Yin Aphinyanaphongs1, Armine Lulejian1, Duncan Penfold Brown2, Richard Bonneau3, Paul Krebs1
1NYU Langone Medical Center
2New York University Social Media and Political Participation lab
3Simons Center for Data Analysis
Email: firstname.lastname@example.org, Armine.Lulejian@nyumc.org, email@example.com, firstname.lastname@example.org, email@example.com
Pacific Symposium on Biocomputing 21:480-491(2016)
© 2016 World Scientific
Open Access chapter published by World Scientific Publishing Company and distributed under the terms of the Creative Commons Attribution (CC BY) 4.0 License.

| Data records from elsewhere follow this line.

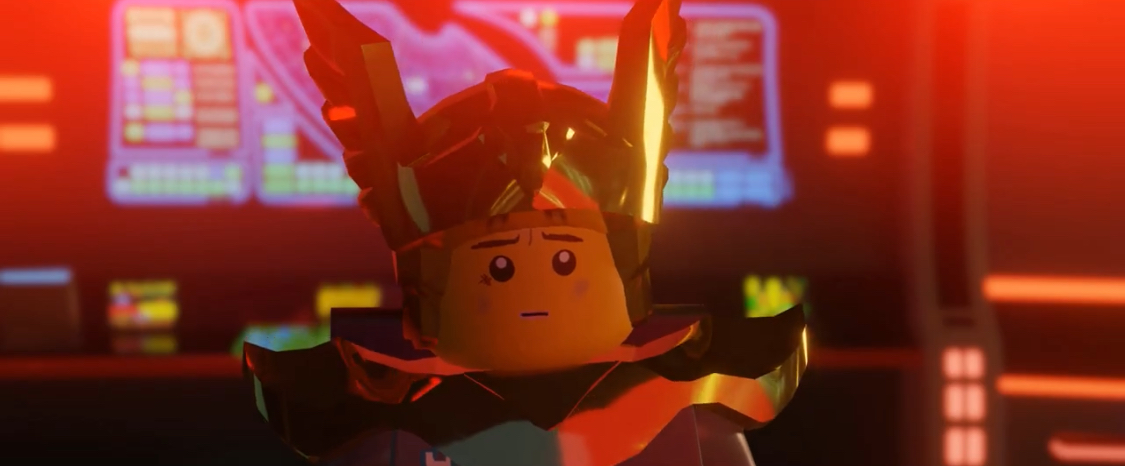 Caris Crane in "Lego Space 2202"
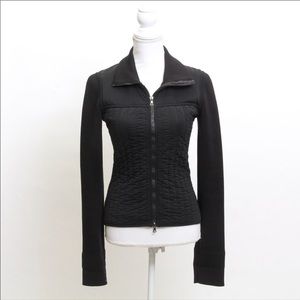 Prada Black Zip Up Jacket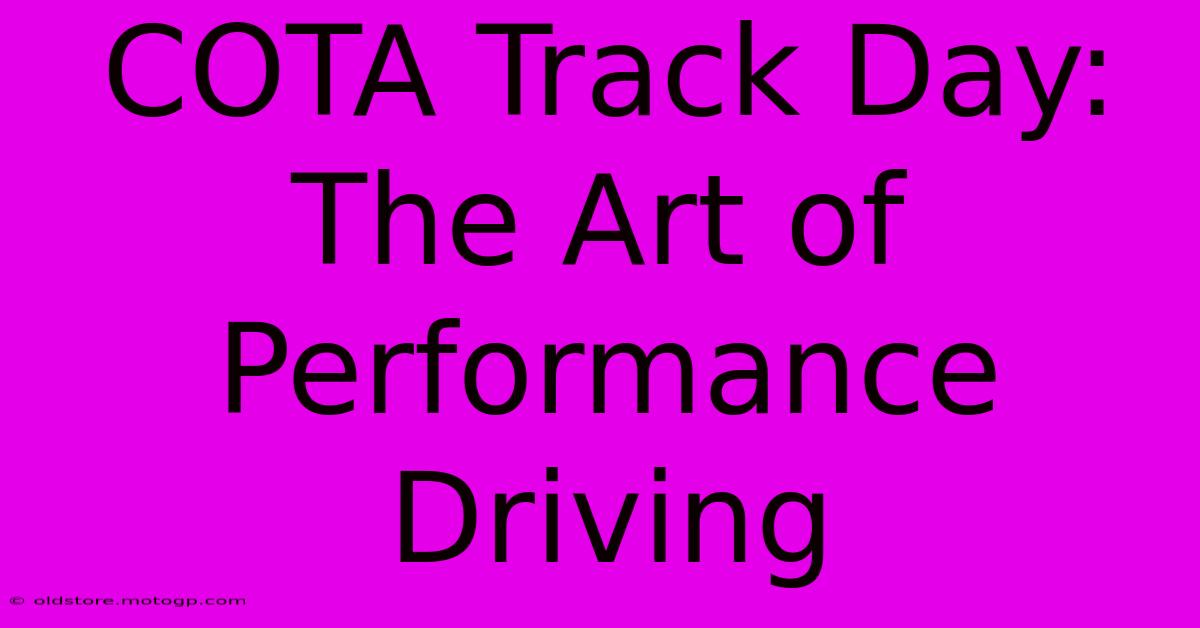 COTA Track Day: The Art Of Performance Driving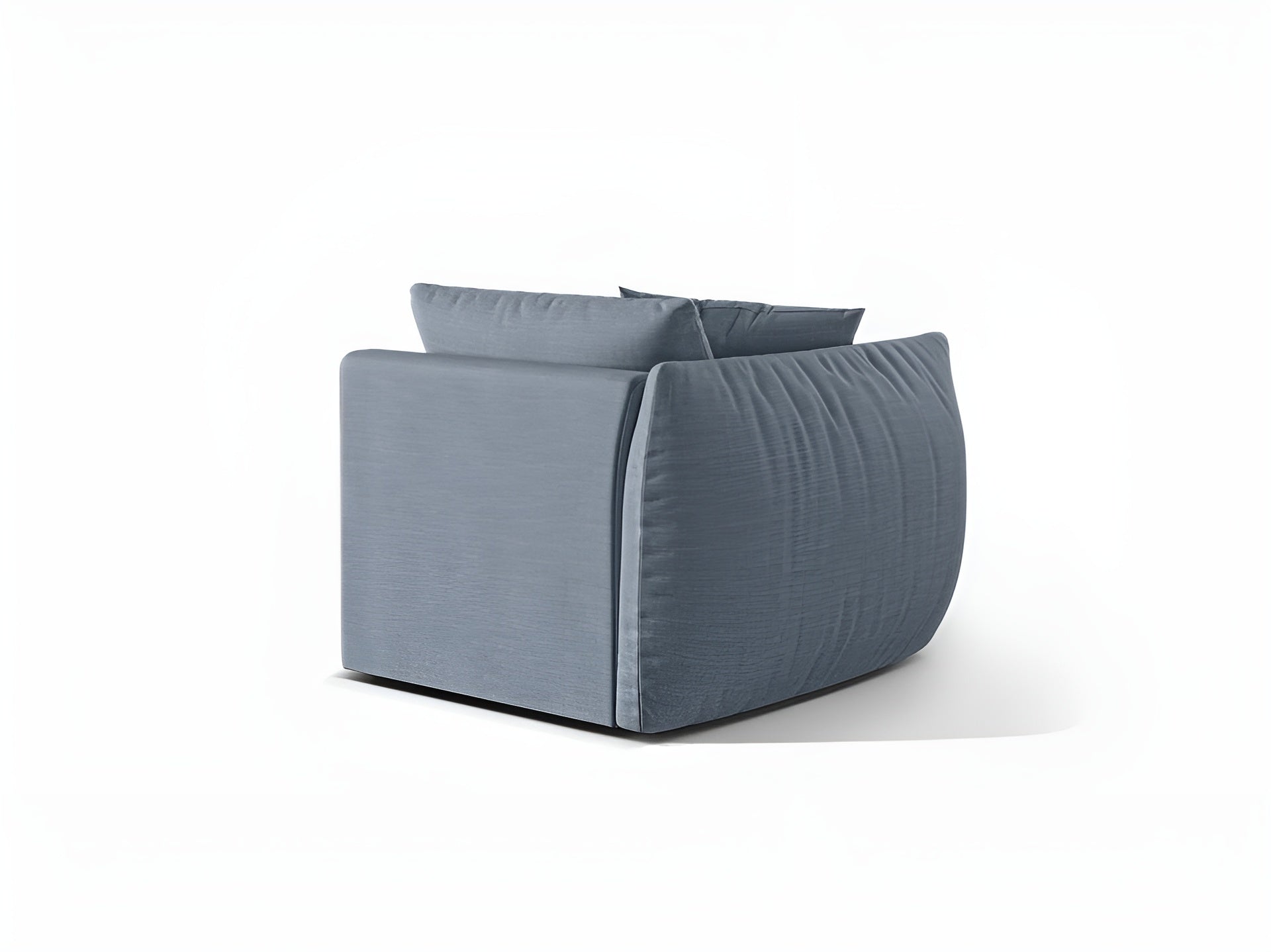 Modulares Sofa CHRIS - linkes Element in hellblauem Chenille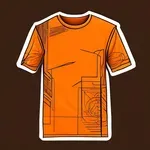 vibrant orange t-shirt image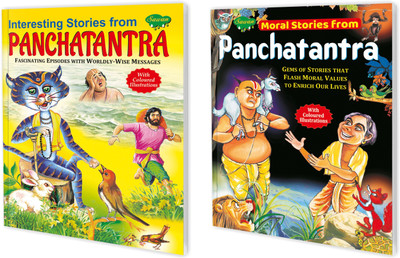 Set Of 2 Books | Story Books : Interesting Stories From Panchatantra And Moral Stories From Panchatantra(Paperback, Manoj Publications Editorial Board)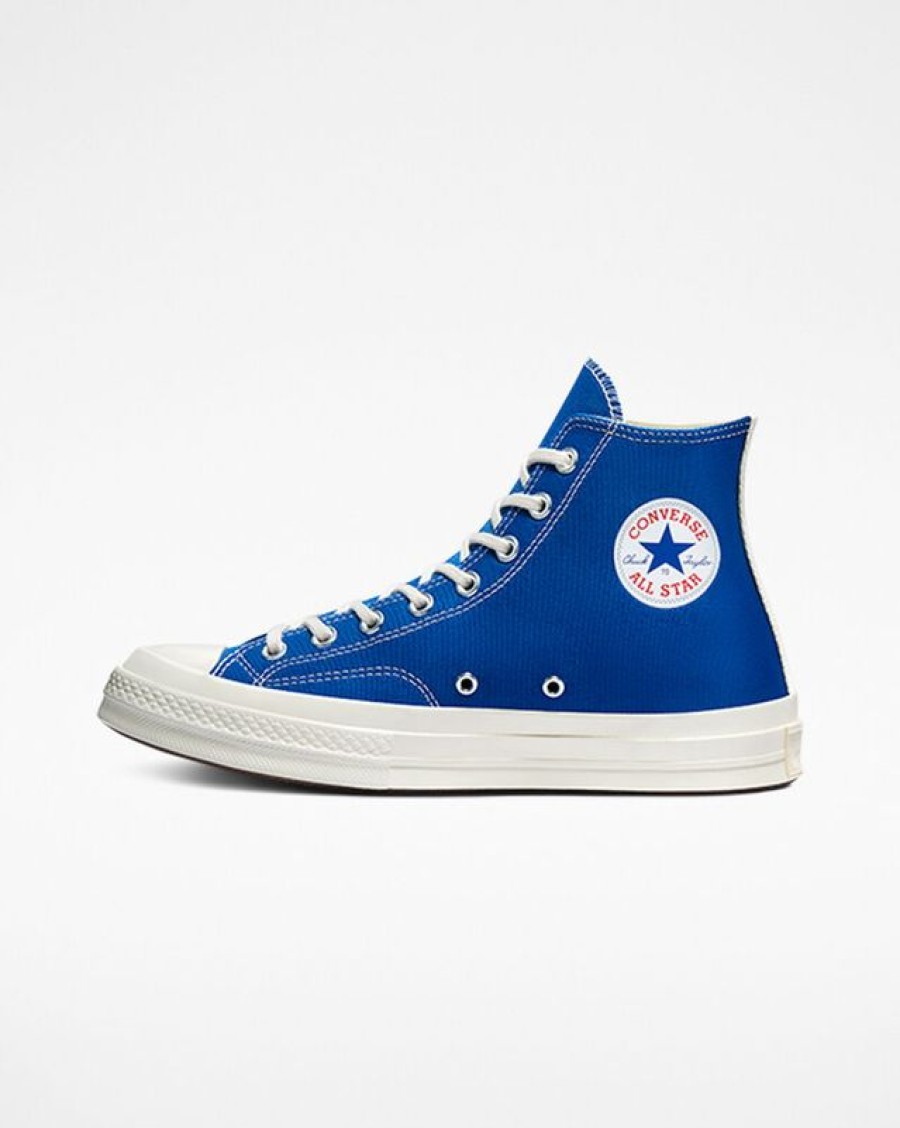 Hombre Converse Corte Alto | Converse X Comme Des Garcons Play Chuck 70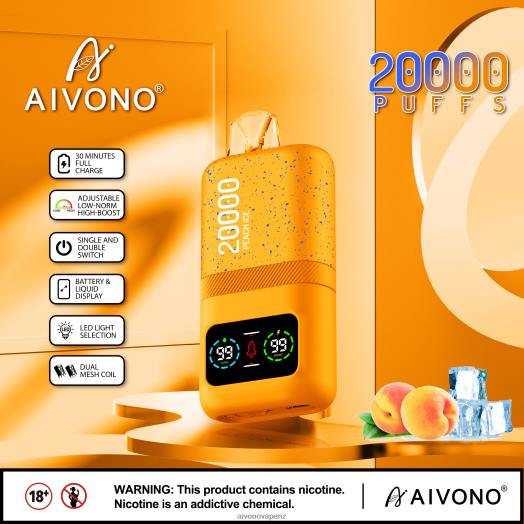 Peach Ice Aivono AIM magic 20000 V2D485 | Aivono NZ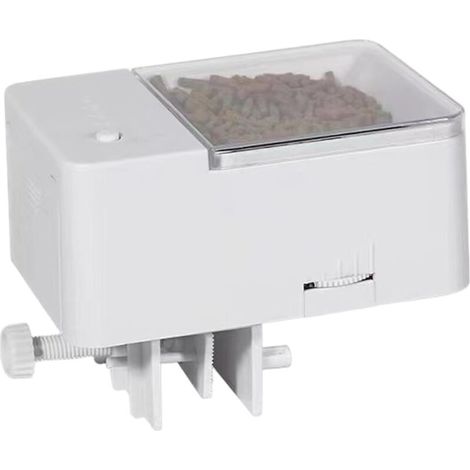 Distributeur automatique de nourriture pour poissons, distributeur automatique réglable de 50 g avec 4 minuteries, alimenté par batterie, accessoires d'aquarium pour voyage et vacances. Distribut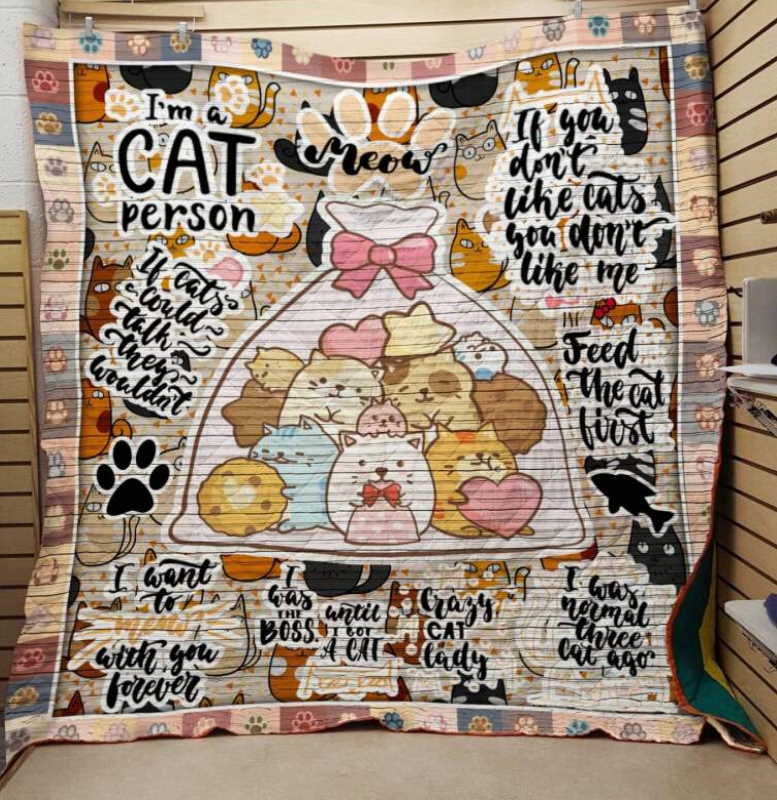 Crayzy Cat Lady 3D Quilt Blanket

Rapid increases in e-cigarette use and potential exposure to harmful byproducts have shifted public health focus to e-cigarettes as a possible drug of abuse. Effective surveillance of use and prevalence would allow appropriate regulatory responses. An ideal surveillance system would collect usage data in real time, focus on populations of interest, include populations unable to take the survey, allow a breadth of questions to answer, and enable geo-location analysis. Social media streams may provide this ideal system. To realize this use case, a foundational question is whether we can detect ecigarette use at all. This work reports two pilot tasks using text classification to identify automatically Tweets that indicate e-cigarette use and/or e-cigarette use for smoking cessation. We build and define both datasets and compare performance of 4 state of the art classifiers and a keyword search for each task. Our results demonstrate excellent classifier performance of up to 0.90 and 0.94 area under the curve in each category. These promising initial results form the foundation for further studies to realize the ideal surveillance solution.